Platforms For this project (and, in general, for most machine learning or data science projects) you will need a Jupyter notebook with Python 3. Jupyter allows you to create documents mixing text, equations, code, and visualizations.
The Jupyter project itself recommends Anaconda if you intend to run notebooks locally on a laptop or desktop computer, but there are several cloud services that offer free Jupyter notebooks, including MIcrosoft Azure Notebooks and Google Colaboratory.
Libraries You may write your code using standard Python 3, but you are encouraged to use NumPy to implement vector operations such as dot product. Use the Matplotlib library to generate plots.
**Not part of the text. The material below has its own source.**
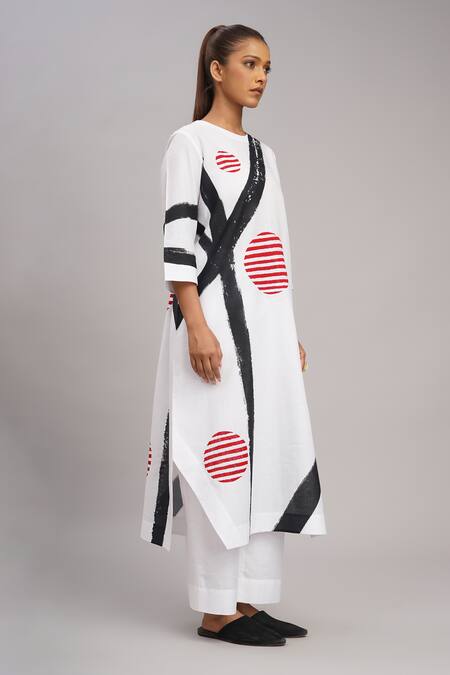 Shop Taika By Poonam Bhagat White Linen Embroidery Round Neck Printed Tunic And Pant Set Online at Aza Fashions Shop_Taika By Poonam Bhagat_White Linen Embroidery Round Neck Printed Tunic And Pant Set _Online_at_Aza_Fashions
You may not use machine learning libraries such as scikit-learn.
Dataset The file dataset.py contains the letters A through Z as 5-by-7 dot-matrix fonts, in a format similar to the Hebb Net example for character recognition. There are two different fonts, one for training and one for test.
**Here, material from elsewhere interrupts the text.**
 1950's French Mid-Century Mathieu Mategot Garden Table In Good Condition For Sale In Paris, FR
Training Perceptrons Implement one perceptron for each letter, for a total of 26. Each perceptron should learn to output 1 for its assigned letter and 0 for all other letters. Begin with weights and biases initialized to random values (rather than zero) for each perceptron, and apply the perceptron learning algorithm until all items in the training set are classified correctly or until it becomes clear that the weights will not converge.
As each item in the training set is classified by each perceptron, record whether the output was correct or not. At the end of each pass through the training set by a perceptron, record the error rate (number of misclassified items) of that perceptron for that epoch.
If a letter is linearly separable from the others and the learning rate is small enough, you should see a downward trend in error rate until each point is classified correctly. You may wish to use Matplotlib to plot the error rate as a function of the number of epoch s in order to visualize this trend.
Q. Are all letters in the training set linearly separable?
Testing the Learned Weights Once the perceptrons have been trained (in other words, once the perceptrons for the letters which are linearly separable from the other letters have converged), test each trained perceptron against the letters in the test set.
Q. Are all letters in the test set correctly classified?
If any items in the test set are misclassified, compare them to the corresponding items in the training set.
Q. How similar are the misclassified items to the items in the training set?